Stichtag

19. Oktober 2008 - Vor 95 Jahren: Deutsche Lebens-Rettungs-Gesellschaft gegründet

Meist passiert es still und unentdeckt, mitten im Trubel der anderen Badenden. "Es gibt welche, die sind ertrunken, und zwei, drei Meter neben ihnen waren Badegäste, die haben es nicht gemerkt", berichtet Rettungsschwimmer Manfred Sommer. Jeden Sommer ist der 42-Jährige auf Sylt für die Deutsche Lebens-Rettungs-Gesellschaft (DLRG) im Einsatz. Allein im letzten Jahr starben nach Angaben der DLRG mindestens 484 Menschen in deutschen Gewässern. Ebenso viele konnten in letzter Sekunde von ehrenamtlichen Strandwächtern der DLRG vor dem Ertrinken gerettet werden. "Jeder Deutsche ein Schwimmer, jeder Schwimmer ein Retter", lautet der Leitsatz dieser weltweit größten Freiwilligen-Organisation ihrer Art. Seit 95 Jahren bringt sie den Menschen nicht nur das Schwimmen bei, sondern bildet sie auch aus, Ertrinkende in Sicherheit zu bringen und ihnen Erste Hilfe zu leisten. Den Anlass zu Gründung der DLRG lieferte im Juli 1912 ein tragisches Unglück auf der Insel Rügen.

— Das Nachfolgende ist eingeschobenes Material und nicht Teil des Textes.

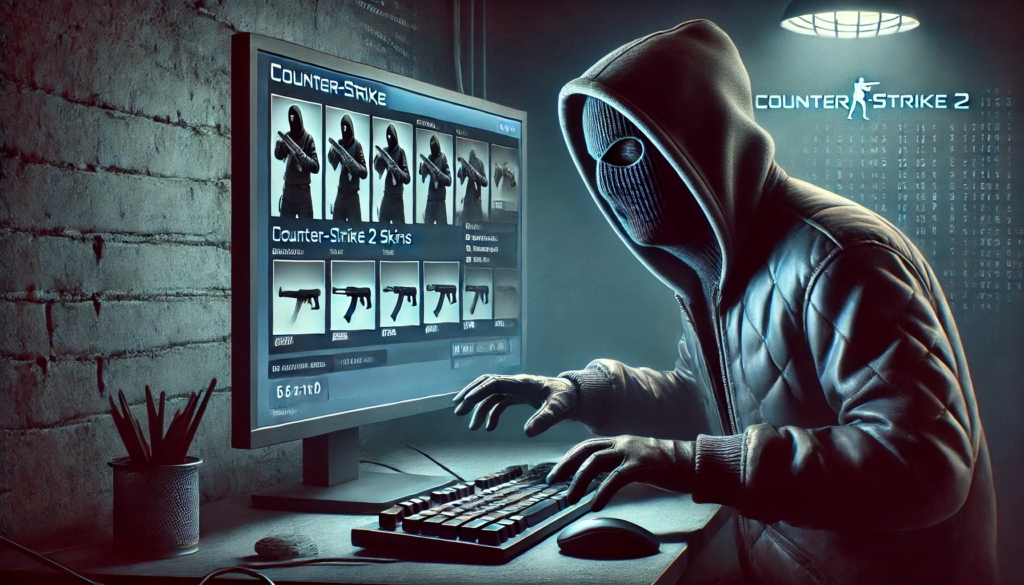 Counter-Strike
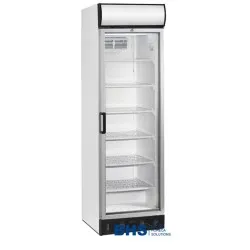 Congélateur TEFCOLD UFFS370GCP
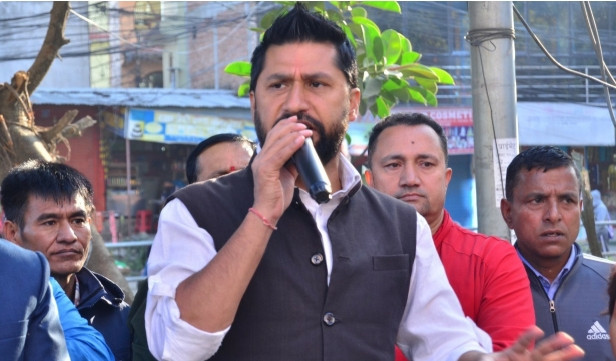 प्रधानमन्त्रीले बोलाएको बैठक रास्वपाद्वारा बहिष्कार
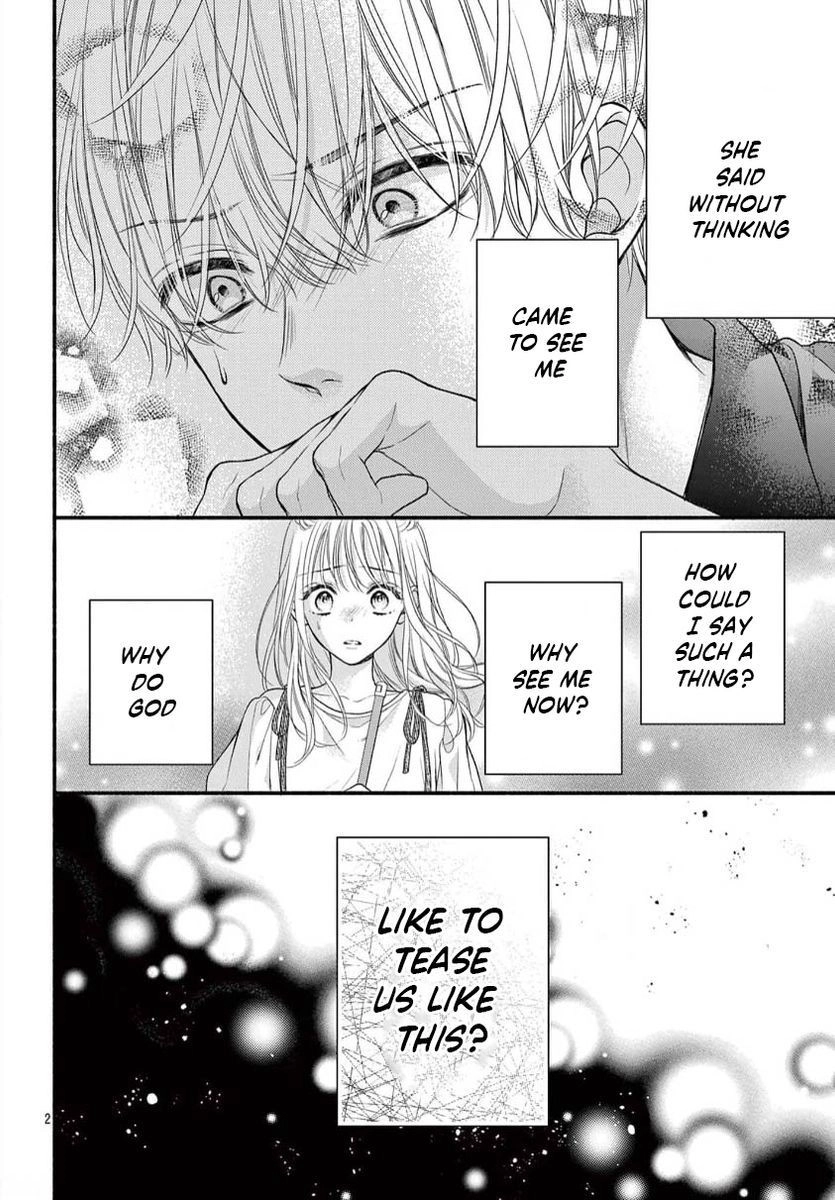 Seventeen Again Chapter 26 page 2 - 
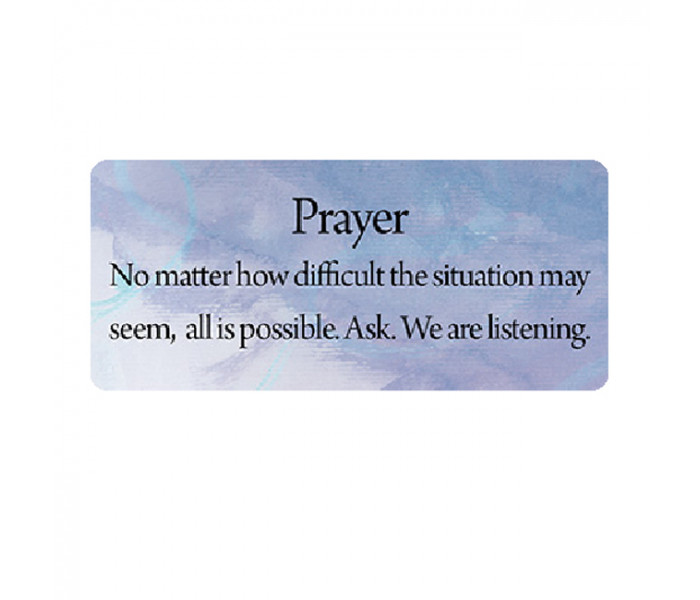 Оракул Ангела Зцілення - Healing Angel Oracle Cards. Blue Angel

An die 1.000 Schaulustige drängeln sich an jenem Sommersonntag auf der 600 Meter langen Seebrücke von Binz. Gespannt erwarten sie die Ankunft des Bäderdampfers "Kronprinz Wilhelm", als plötzlich der Pfeiler am Kopf der Landungsbrücke zusammenbricht und hunderte Urlauber in die Ostsee stürzen. Die Davongekommenen starren wie gelähmt auf das Chaos und sehen hilflos dem verzweifelten Überlebenskampf der Ertrinkenden zu. Nur knapp drei Prozent der Deutschen können zu jener Zeit schwimmen. Es dauert, bis wenigstens einige beherzte Männer eingreifen. Doch für 17 Menschen, darunter sieben Kinder, kommt an jenem Tag jede Hilfe zu spät. Neben dem Entsetzen über die Katastrophe breitet sich in der Öffentlichkeit auch tiefe Scham darüber aus, dass kaum jemand fähig oder willens war, Schlimmeres zu verhüten. Der Schock von Binz bewirkt, dass 15 Monate später, am 19. Oktober 1913, in Leipzig die Deutsche Lebens-Rettungs-Gesellschaft gegründet wird.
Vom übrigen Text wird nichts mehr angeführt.